The ownership of the car is not in itself too scary. Find a used car, get it inspected to ensure it won’t fall apart the minute you drive it away, pay the money. Own car.

But it transpires that Ontario is the most expensive province in Canada for car insurance. Add to the mix someone who’s never owned a car in Canada, never been insured, is completely off the record in automobile-related terms…and the annual cost of even the most basic insurance is almost as much as I was intending to spend on a car.

This is very scary bananas indeed. It has all made me extremely shaky and no longer in the frame of mind to even start looking for a vee-hickle. How do regular people do this?

I am also in a world of actual, as well as mental, pain. Some of you know I can be highly-strung at times, with a great deal of nervous energy fuelled by large amounts of tea and biscuits. Well, the other day in the carpool we got to talking about spiders and wetas and long-legged beasties. You know how talking about those things makes your skin kind of super-sensitive and you imagine there’s a redback climbing up your leg at every moment?

Later that evening I sat working at the computer, and one of the pins that was holding my hair up slid out slowly down my neck.

To my over-prepped, hyper tea-fuelled mind it could clearly be nothing less than a black widow making her deadly way down my shirt, so naturally I freaked the frack out. My left hand flew up to the back of my neck at the speed of light to remove the beast. This had the effect of flaying every last tendon in my left elbow, causing me more pain this week than the actual spider bite would’ve.

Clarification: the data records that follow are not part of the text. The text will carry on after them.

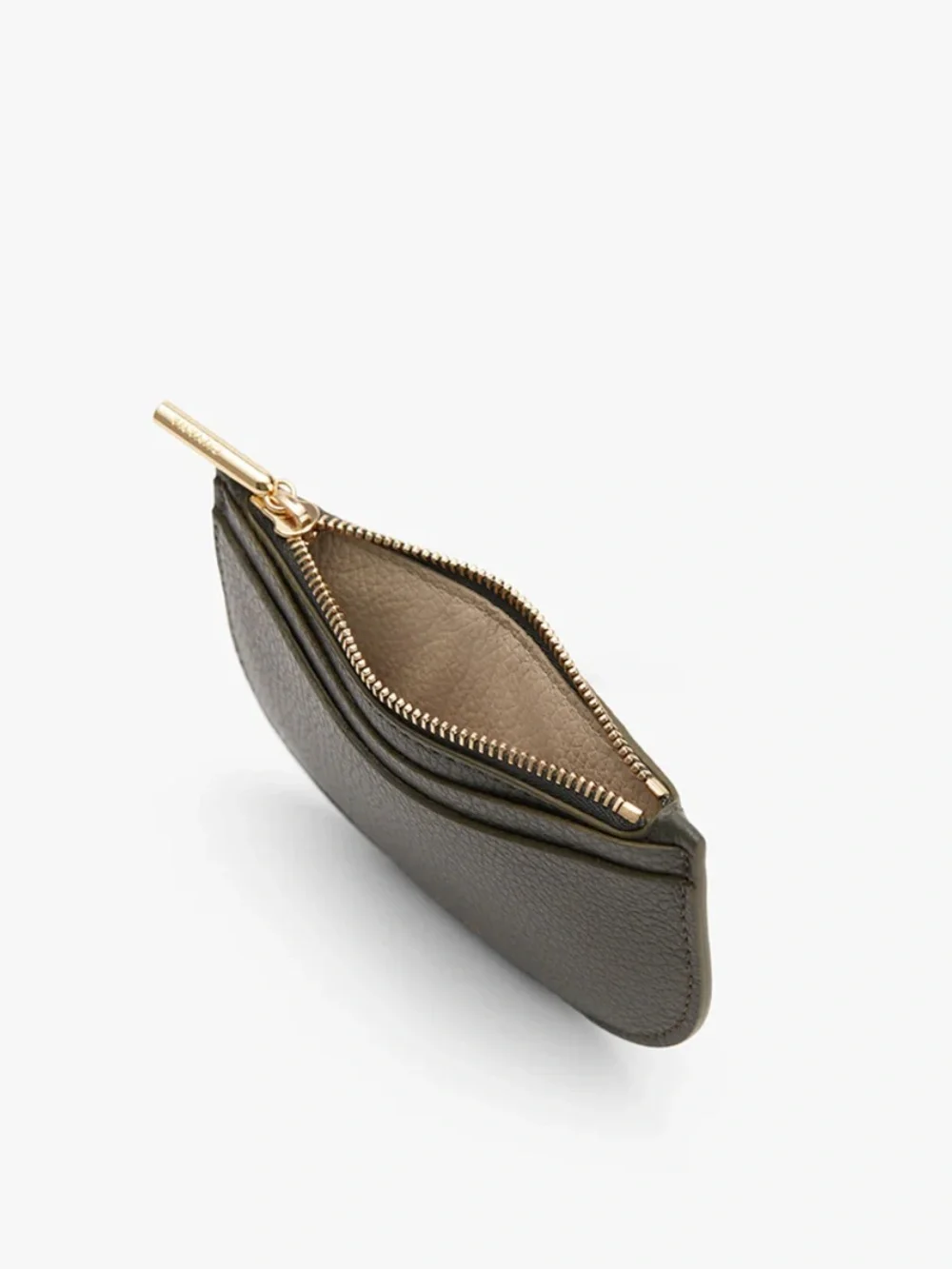 Cuyana Italian leather cardholder dark olive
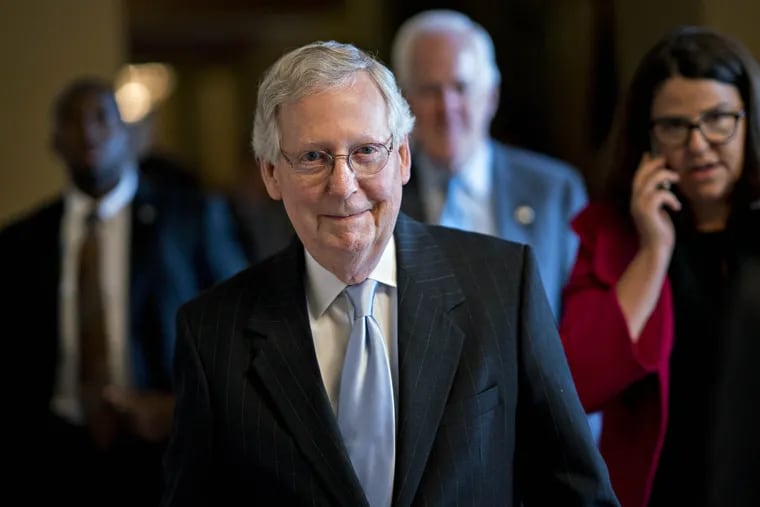 Senate Majority Leader Mitch McConnell is shown in the Senate on Capitol Hill in Washington on February 13, 2018.
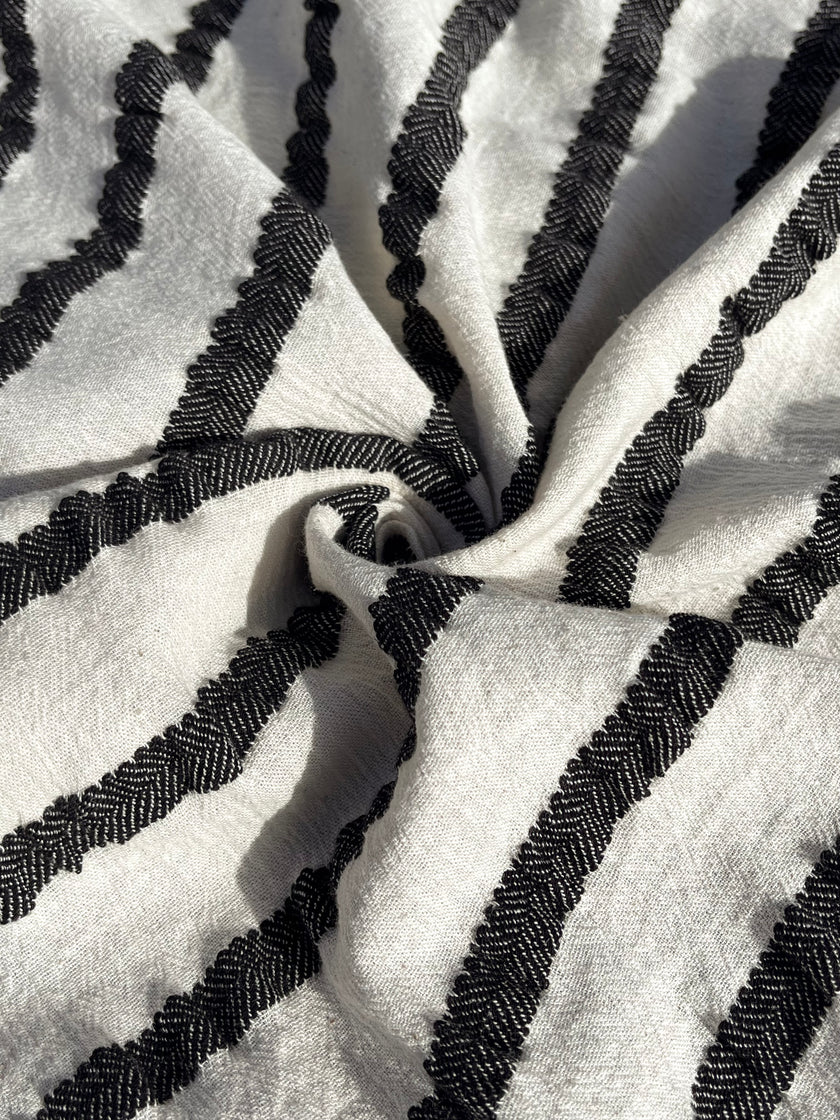 Neutral Organic Sile Cloth Cotton Fabric By The Meter With Herringbone Stripes.
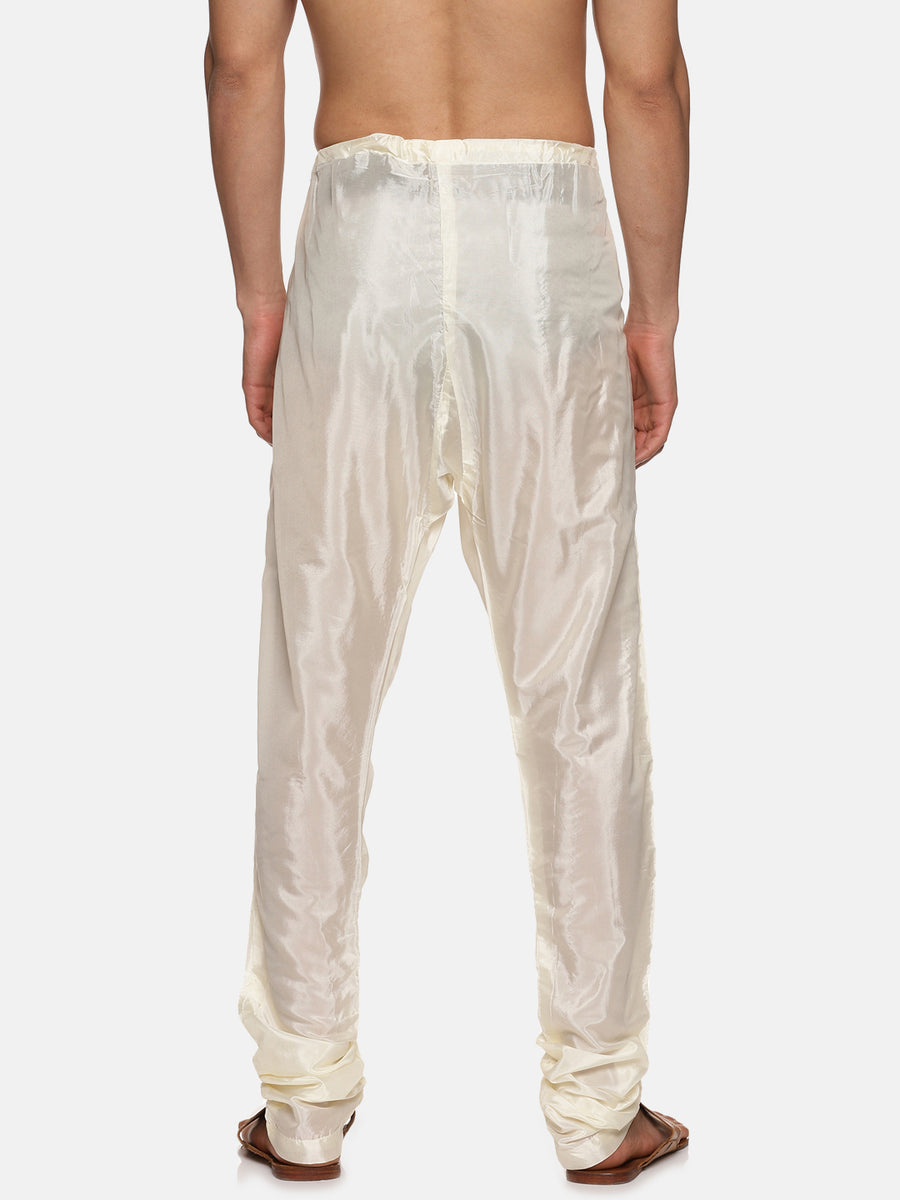 Men Artsilk Solid Cream Colour Pyajma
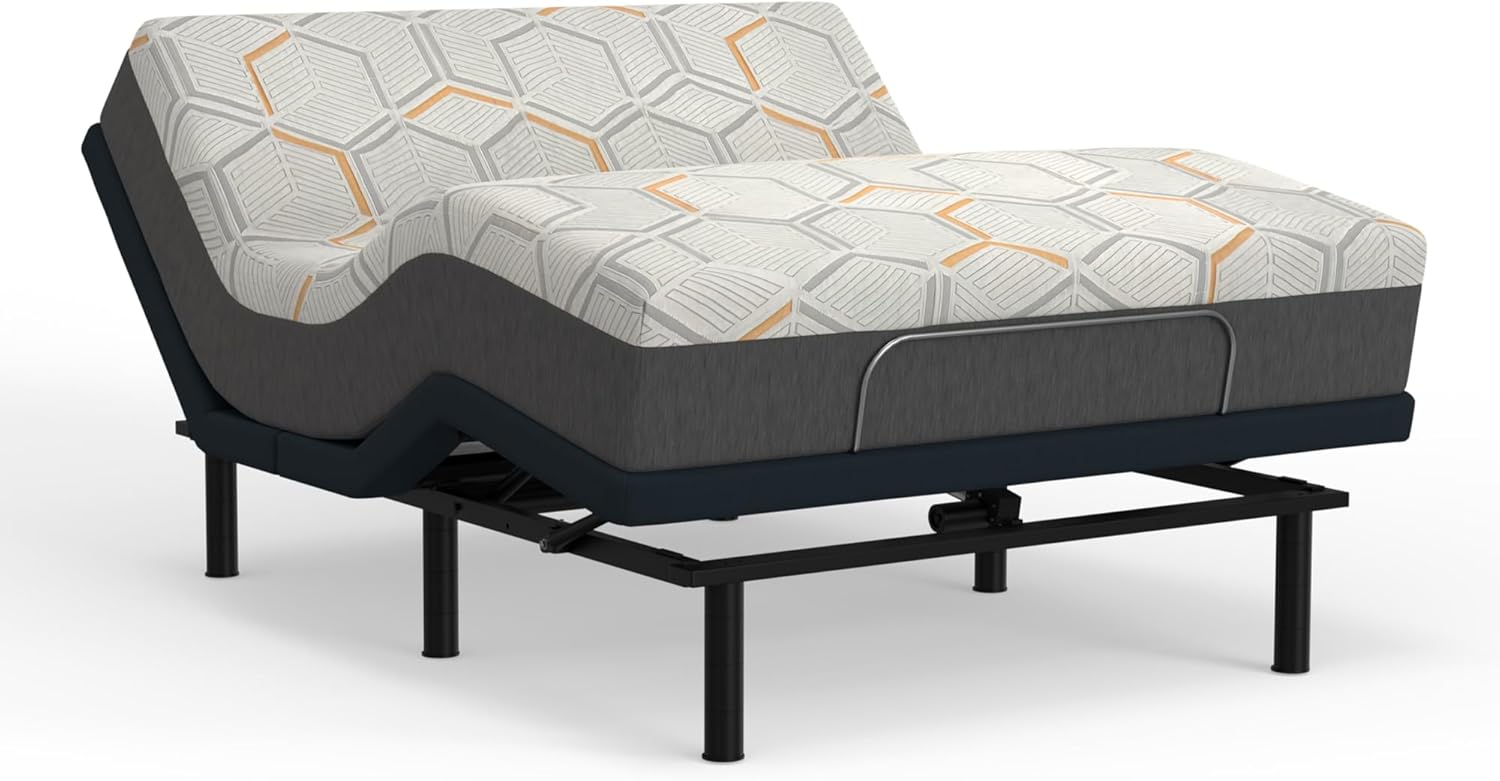Blissful Nights e4 Queen Adjustable Bed Base Frame with 12" Medium Firm Copper and Gel Infused Memory Foam Mattress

Especially bearing in mind that the spider was, in fact, a hairpin.

But what should I do about the car? My carpool buddies say I can keep paying them fuel money. But are they just being nice, and they’d rather I properly pulled my weight? Do you think this insurance thing is just something that needs time to sink into my mind, and after a week or so I’ll be okay with it and ready to take the next step? Could I come round to the idea of making monthly payments on a consumer item (on insurance, for crying out loud), which by the way is also a world that I have never inhabited?

Seriously, is this the kind of thing you regular people do? And are you still able to sleep?

Tuesday 3 June 2008

matters arising


1. You people sure like a girl who farms her hair. I’m leaving it, ok?

2. Maleficent hoyden, yes. In this instance, 'hoyden' is correct usage, not 'harridan'. I figure I have at least twenty years before I'm a harridan, if at all, because I don’t intend to start an unhealthy dependence on tanning beds, drinking gin-and-tonic on people’s staircases at parties, or over-using mascara. I remain committed to hoydenry.

3. Deadlegging. Is it perhaps only schoolteachers and schoolkids who know what this is? I’m not going to tell you how to do it. Because it’s not a very nice thing to do to someone, that’s why. Grow up, will you?

4. Comments, m'dears. I love your emails much, but really the little clicky thing at the bottom of posts is there to make it more convenient for you to tell me these things. I want to sink luxuriously into your emails for your private and delicious between-me-and-thee-and-the-gmail-data-miners thoughts, not your queries on my choice of vocabulary. Pants, god bless her, is trying hard, but she’s only one woman. (And for the record, my vocabulary choices are always correct. Always. Don't fight it.)